When I was in academics in the early ‘90s, debates (still) raged over the value of soft versus hard sciences, with all the semiotic implications such terminology invited. The “lab-coat wannabes” (as we affectionately called them) in our department were very clear—quant was king and qual was unworthy fuzziness, only employed by those who wished to overthrow the king. Neither they nor their results could be trusted.
When I moved into market research in the mid-to-late 90’s, quant and qual lived in relative harmony, albeit a very siloed harmony. Focus groups and mall intercepts were the way to go if you needed to show your respondents something or talk to them in a more exploratory fashion. In the market research world, unlike academics, sometimes the very same researcher would do both quant and qual. It was shocking! It was, however, very much an either/or situation. The idea that qual could be used to create better quant always sounded good, but was often impractical given the cost and time involved in a dual approach.
Enter online research. The early years were a bit rough. We weren’t entirely sure who we were talking to, but we knew we wanted to show them images and ads. It was great and surveys got fancier as the online programming knowledge in the industry grew. Problem was, there was no way that online open-end responses were ever going to compete with focus group transcripts. The richness, the insights just weren’t there. iModerate tackled this problem with technology, by connecting to respondents in real-time and having one-on-one interviews. In effect, recapturing some of the richness lost in the move to the online world.

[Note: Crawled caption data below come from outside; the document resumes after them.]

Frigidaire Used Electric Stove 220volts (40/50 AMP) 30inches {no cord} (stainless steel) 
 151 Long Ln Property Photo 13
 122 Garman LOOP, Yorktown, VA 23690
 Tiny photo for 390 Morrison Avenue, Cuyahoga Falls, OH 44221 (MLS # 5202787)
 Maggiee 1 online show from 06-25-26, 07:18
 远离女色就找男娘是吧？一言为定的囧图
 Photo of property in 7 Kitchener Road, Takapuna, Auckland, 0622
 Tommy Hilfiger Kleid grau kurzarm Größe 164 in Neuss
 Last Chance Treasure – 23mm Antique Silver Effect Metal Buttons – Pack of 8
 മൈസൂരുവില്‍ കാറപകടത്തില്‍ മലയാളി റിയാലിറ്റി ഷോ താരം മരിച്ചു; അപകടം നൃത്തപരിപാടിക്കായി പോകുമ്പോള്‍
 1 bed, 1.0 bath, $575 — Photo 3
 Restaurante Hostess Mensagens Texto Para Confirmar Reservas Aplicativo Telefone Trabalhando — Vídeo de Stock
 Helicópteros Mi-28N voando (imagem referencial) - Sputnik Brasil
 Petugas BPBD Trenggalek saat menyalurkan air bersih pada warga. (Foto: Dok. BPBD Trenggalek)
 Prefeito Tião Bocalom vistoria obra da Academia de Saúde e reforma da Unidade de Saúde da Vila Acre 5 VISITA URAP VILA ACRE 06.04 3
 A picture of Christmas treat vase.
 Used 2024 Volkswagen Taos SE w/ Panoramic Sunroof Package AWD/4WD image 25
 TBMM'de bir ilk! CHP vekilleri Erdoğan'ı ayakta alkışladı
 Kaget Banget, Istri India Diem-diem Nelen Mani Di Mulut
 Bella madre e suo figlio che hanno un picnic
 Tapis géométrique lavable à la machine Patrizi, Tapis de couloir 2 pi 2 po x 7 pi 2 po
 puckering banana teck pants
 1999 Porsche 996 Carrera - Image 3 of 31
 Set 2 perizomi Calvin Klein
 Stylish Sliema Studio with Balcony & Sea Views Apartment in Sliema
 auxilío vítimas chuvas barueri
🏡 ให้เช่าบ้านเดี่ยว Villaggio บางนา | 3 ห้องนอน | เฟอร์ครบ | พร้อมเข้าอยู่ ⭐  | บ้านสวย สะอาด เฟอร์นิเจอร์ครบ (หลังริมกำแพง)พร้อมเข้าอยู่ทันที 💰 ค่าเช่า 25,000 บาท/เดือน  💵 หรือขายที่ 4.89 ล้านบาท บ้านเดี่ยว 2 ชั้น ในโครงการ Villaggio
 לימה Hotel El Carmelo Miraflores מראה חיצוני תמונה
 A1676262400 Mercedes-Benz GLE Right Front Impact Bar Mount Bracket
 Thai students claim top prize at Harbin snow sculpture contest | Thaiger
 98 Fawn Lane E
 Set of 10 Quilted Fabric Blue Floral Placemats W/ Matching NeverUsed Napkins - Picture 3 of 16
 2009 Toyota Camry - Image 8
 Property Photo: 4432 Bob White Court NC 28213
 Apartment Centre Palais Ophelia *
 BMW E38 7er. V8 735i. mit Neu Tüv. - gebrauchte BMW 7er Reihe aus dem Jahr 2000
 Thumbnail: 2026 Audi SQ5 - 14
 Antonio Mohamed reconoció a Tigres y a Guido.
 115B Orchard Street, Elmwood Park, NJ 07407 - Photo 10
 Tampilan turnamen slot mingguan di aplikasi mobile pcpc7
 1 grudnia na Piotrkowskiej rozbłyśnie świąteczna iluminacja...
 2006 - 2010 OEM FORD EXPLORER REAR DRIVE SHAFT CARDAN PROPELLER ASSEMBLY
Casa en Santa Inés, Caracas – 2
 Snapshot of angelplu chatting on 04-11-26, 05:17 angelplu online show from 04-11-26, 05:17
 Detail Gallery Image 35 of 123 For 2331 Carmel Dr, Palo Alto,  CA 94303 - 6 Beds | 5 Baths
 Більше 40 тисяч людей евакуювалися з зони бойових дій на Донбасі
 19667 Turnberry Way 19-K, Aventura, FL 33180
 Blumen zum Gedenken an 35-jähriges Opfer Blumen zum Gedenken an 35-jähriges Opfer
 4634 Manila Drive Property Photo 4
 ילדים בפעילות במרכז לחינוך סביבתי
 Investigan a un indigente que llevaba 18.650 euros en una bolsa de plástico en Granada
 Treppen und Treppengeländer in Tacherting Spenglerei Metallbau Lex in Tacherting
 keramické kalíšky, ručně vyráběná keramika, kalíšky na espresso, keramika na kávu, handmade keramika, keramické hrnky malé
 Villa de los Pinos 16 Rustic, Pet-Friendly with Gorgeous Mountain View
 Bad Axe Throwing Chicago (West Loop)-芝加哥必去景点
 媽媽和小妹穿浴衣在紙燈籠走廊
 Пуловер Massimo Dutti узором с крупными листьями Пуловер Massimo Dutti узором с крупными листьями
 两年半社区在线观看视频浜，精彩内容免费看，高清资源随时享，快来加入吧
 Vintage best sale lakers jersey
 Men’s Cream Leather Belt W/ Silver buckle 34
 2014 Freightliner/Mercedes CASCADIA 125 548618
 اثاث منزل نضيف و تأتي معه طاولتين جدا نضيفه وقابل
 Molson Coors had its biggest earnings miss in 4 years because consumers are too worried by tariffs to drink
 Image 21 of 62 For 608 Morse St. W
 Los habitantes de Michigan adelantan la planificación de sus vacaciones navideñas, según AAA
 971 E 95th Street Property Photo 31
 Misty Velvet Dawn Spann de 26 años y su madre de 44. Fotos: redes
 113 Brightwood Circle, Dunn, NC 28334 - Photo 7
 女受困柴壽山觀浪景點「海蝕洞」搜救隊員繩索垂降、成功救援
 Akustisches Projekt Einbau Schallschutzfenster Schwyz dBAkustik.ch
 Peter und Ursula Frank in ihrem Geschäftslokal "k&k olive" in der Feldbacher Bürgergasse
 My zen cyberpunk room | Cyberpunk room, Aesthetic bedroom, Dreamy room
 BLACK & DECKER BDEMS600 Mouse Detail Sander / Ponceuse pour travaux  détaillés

Hard to believe that was 10 years ago. iModerate moved beyond the technology to focus on the insights, developing a theoretical underpinning to the approach. In the industry itself, adding some qual to the quant is easier than ever. A quick search of Greenbook’s “hybrid market research” category yields 66 companies.
So where is the industry now, and where are we going? We know we are going mobile. In fact, many insist we’ve already gone there, done deal. We know we are going Big Data and Voice of the Consumer. (Although, in this instance, it feels a bit like we are in a crowded, noisy bar, nodding and smiling b/c we can’t quite hear what is being said; hoping we don’t look as foolish as we feel.) Our industry is at a crossroads where it is not just about hearing the voice of the consumer—it’s about understanding how to listen to that voice. We may have evolved enough to where we can finally use quant to inform our qual—but in a whole new way. We can take the methodology of quant—the repetition, the tracking, the longitudinal nature of it—and apply it to a qualitative approach. Online tracking, continually visiting consumers and having the same basic conversation while making adjustments for events, trends, new learnings—this is what’s going to allow us to truly listen to and understand the voice of the consumer.
Here’s one final reminiscence to illustrate the point. Back in 1998, during the launch of a new focus group facility, one of the first clients was a fast food chain. It was exciting to hear respondents talk about wanting healthier options—it felt like a real finding, qual work in action (what can I say, we were young). The fast food executive’s response? “Yeah, they always say that, but nobody buys the salad.” I think of that sometimes in light of the fast casual revolution and wonder if that executive ever does. To me, this is the best example of something that can’t be seen in a single set of interactions, or measured on a “likelihood to buy” scale. Salad=healthy. People want healthy. Give people salad. But, people didn’t want to buy the salad. They wanted to feel better about what they were eating. They wanted to feel better after eating it. They were in the process of evolving tastes and transitioning needs. Defining and redefining what choices best fit their changing environment. That’s not something that can be captured in single conversation or a 7-point scale. Qual with a little quant—that’s our future. I can’t wait to see what it brings.